Medicina da Fé

A Medicina se tornou uma das categorias científicas mais exploradas na contemporaneidade, devido ao seu alto potencial econômico. Devemos pensar que a importância das ciências da saúde, como de tantas outras no chamado movimento cientificista, emergiram no final do século XIX. Algo recente, embora busquem esse tradicionalismo desde Hipócrates. Mas falar da fabricação dessa tradição, não é o tema desse ensaio, deixemos as célebres palavras do historiador Eric Hobsbawm explorar esse assunto, com a chamada “invenção da tradição.”

Percebemos o quanto essa sociedade em que vivemos, nos torna doentes, já que o ideal de saúde só pode existir tendo como parâmetro o doente. Não é o são que nasce, fazendo com que se identifique a falta dele no doente. Mas criando a doença, dizemos que existe algo que possa contornar esse “malefício” e damos a ele o nome de saúde. Só bradamos o desejo de saúde porque somos doentes inveterados, ou seja, inventados. Nietzsche classificou de forma genuína, o engodo de doente, anormal e outras formas de criar regras que desejam criar um padrão, transformar em uma série, uma produção humanóide.

Dessa forma, somos bombardeados por um marketing opressivo, que nos diz onde habitar, o que consumir. Bebemos isso, comemos aquilo, usamos aquele aparelho. Tudo para depois adoecermos e mais uma vez estarmos diante de outro consumo, o de remédios. A prevenção é muito mais eficaz e sem custos na maioria dos casos, mas os laboratórios, com seus acadêmicos prontos para se tornarem cientistas manipuláveis, irão vender a saúde, que custa caro, é claro. A triagem ocorre de forma brutal, eliminando os que não possuem o poder capital para a permuta medicamentosa.

Mas os médicos reclamam. Os pacientes possuem sua responsabilidade, a própria discussão do filósofo Karl Jaspers alimenta o debate. Pois, o paciente espera, passivo pelo milagre da cura, desejando o remédio sem esforço, que o médico o salve. Se abstém de ser responsável, não segue dietas, não faz exercícios. Seu esforço consiste em pagar os serviços e ir se consultar, para que a mágica ocorra dentro da alquimia clínica. É um drama que envolve o conhecimento técnico, que o paciente não possui, se resignando a seguir as prescrições.
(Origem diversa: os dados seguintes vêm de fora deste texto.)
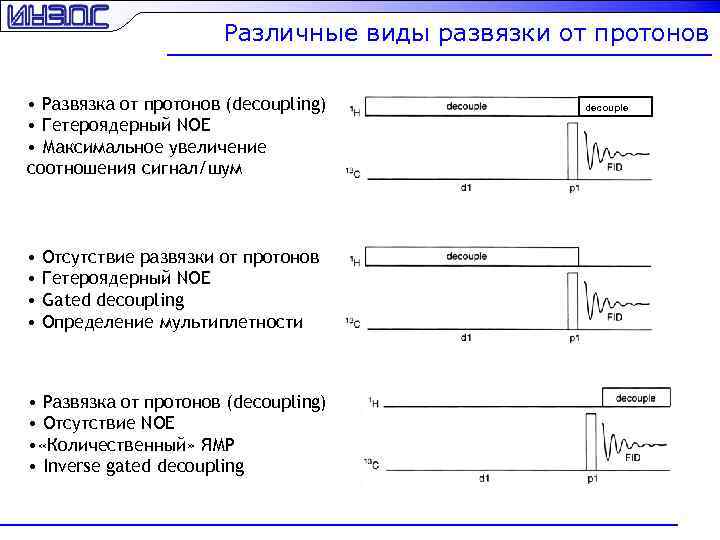 Различные виды развязки от протонов • Развязка от протонов (decoupling) • Гетероядерный NOE •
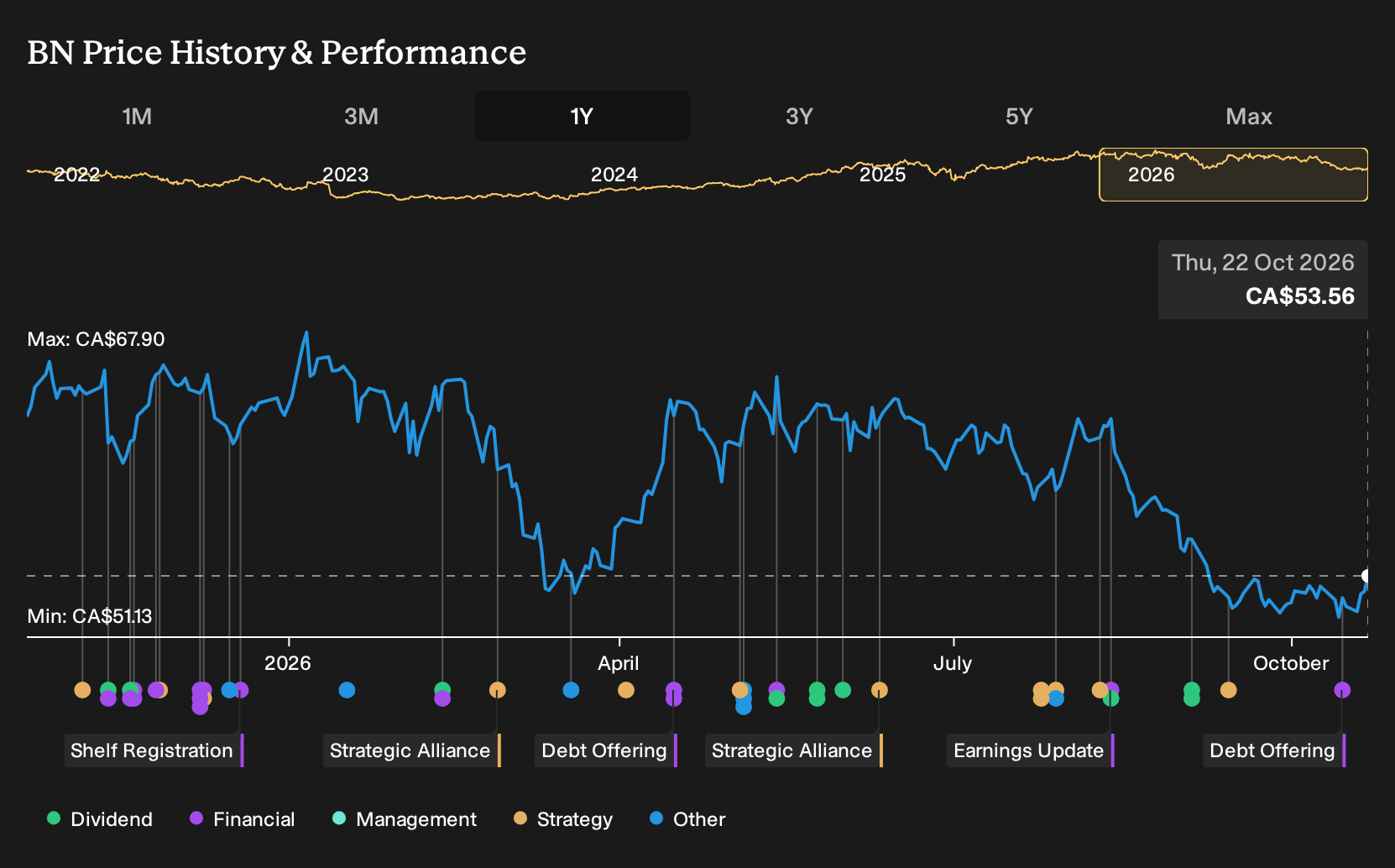 TSX:BN 1-Year Stock Price Chart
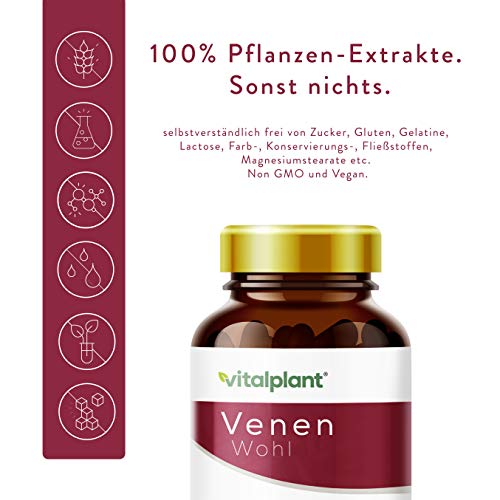 Venen Kapseln Vitalplant mit Rotem Weinlaub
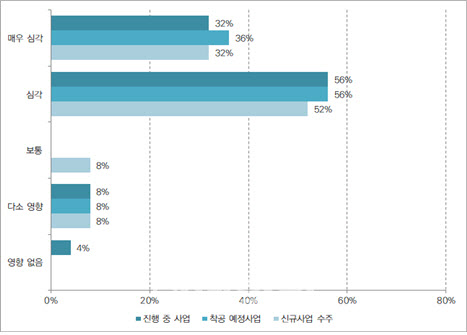 해외사업 진행 중인 건설업계 발 묶인 인력 가장 큰 고민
Com o honorável filósofo Michel Foucault, assim como as pesquisas do também filósofo Gilles Deleuze, foi possível identificar um processo de transição. Foucault identifica desde a chamada Grécia “Antiga”, o denominado “cuidado de si”, exposto em sua magnífica obra “A História da Sexualidade”, tema que é descrito em inúmeros outros trabalhos que lhe servem de parâmetro. Ocorre também a identificação da relação entre o psicanalista — já pensando em uma ligação com os trabalhos deleuzianos e do também filósofo Félix Guattari — e o padre, a troca do confessionário pelos divãs.
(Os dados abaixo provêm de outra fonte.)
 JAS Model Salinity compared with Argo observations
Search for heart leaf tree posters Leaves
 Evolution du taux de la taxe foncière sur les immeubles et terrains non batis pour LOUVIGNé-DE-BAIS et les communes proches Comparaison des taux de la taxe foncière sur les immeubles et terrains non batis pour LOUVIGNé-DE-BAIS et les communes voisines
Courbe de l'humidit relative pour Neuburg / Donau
Justamente nesse ponto que podemos identificar a Medicina contemporânea, que não deseja estar atrelada a esse misticismo, como legado iluminista repudiando a “idade das trevas”. Só que quando as Ciências Médicas, adentram o campo místico, trazendo para si a responsabilidade em relação ao bem estar humano, trazem junto todo esse postulado da fé. Agora é o médico que assume a figura patriarcal, que já foi do rei, assim como do padre, com sua conduta de paternalista de tutelar, dizer o que é certo e o que é errado. Não se rezam mais missas, mas fazem receitas com a mesma eficácia. As pessoas em vez de irem aos confessionários, dirigem-se aos consultórios, em busca de seu milagre, aquele prometido, o da saúde. Agora não é mais a língua dos anjos, nem mesmo a Qabalah, ou mesmo o latim, mas o conhecimento técnico, que se faz divisor entre os que detêm ou não o conhecimento do suposto “bem”.
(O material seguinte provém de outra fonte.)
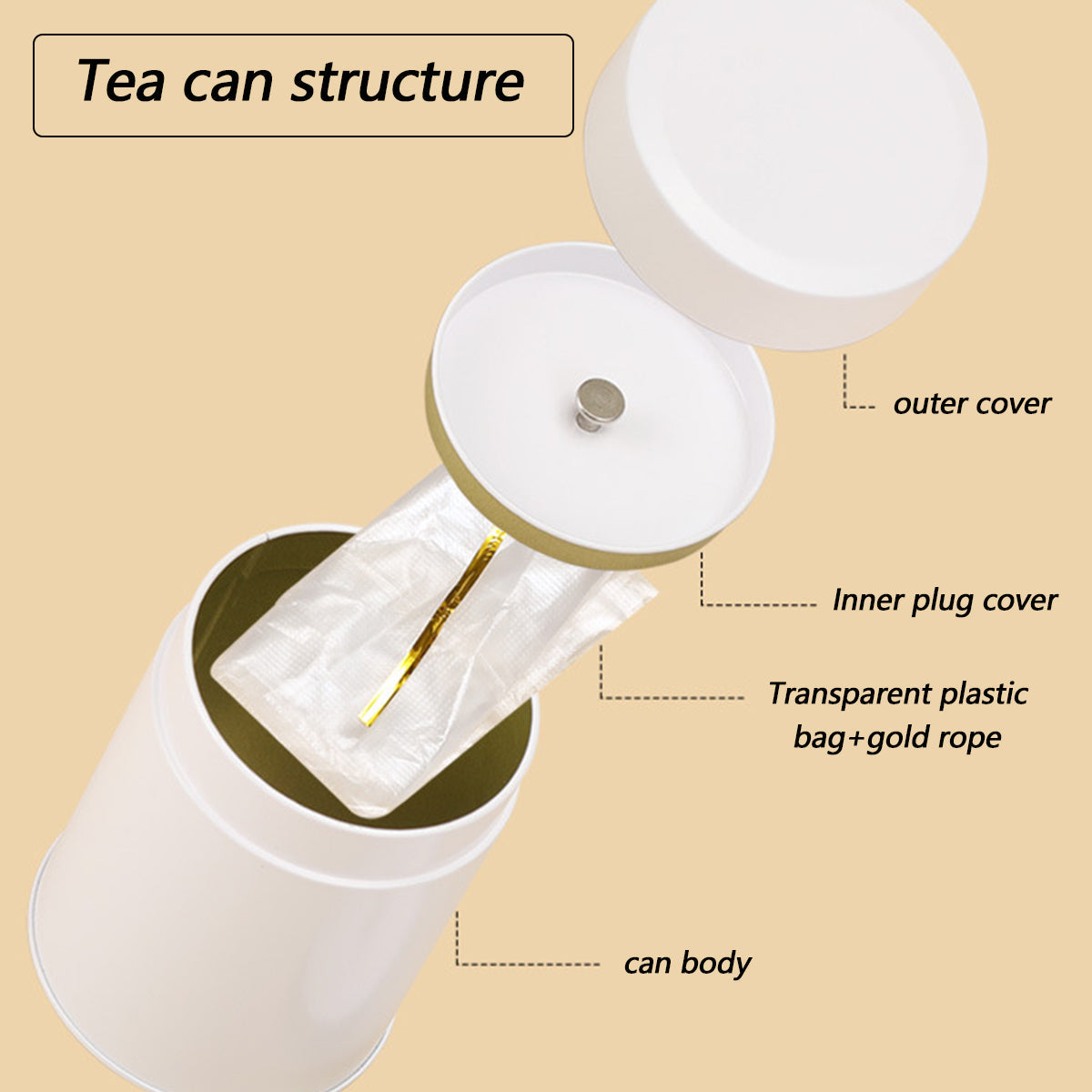 5 Pcs Tin Tea Canisters Three Colours Set | StorageOZ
Assim, temos uma Medicina que não é tão distante do discurso que hoje tanto se critica nessa área. As batinas foram trocadas por jalecos, mas continuam dando aquela aura de mistério, decidindo sobre a vida e a morte, cobrando dízimos ou tarifas de saúde, operando milagres, fazendo surgirem santos e fornecendo diabos os fiéis. Os Templos Hospitais estão transbordando de súplicas, todos em busca da salvação, sem exigir de si a responsabilidade, criando um deus para agir por eles ou fazendo do médico um instrumento de desculpa. Nesse mundo de fé clínica só mesmo os esquizofrênicos para fugirem dessa Enferma Prisão, como os possuídos que transcendiam a Inquisição.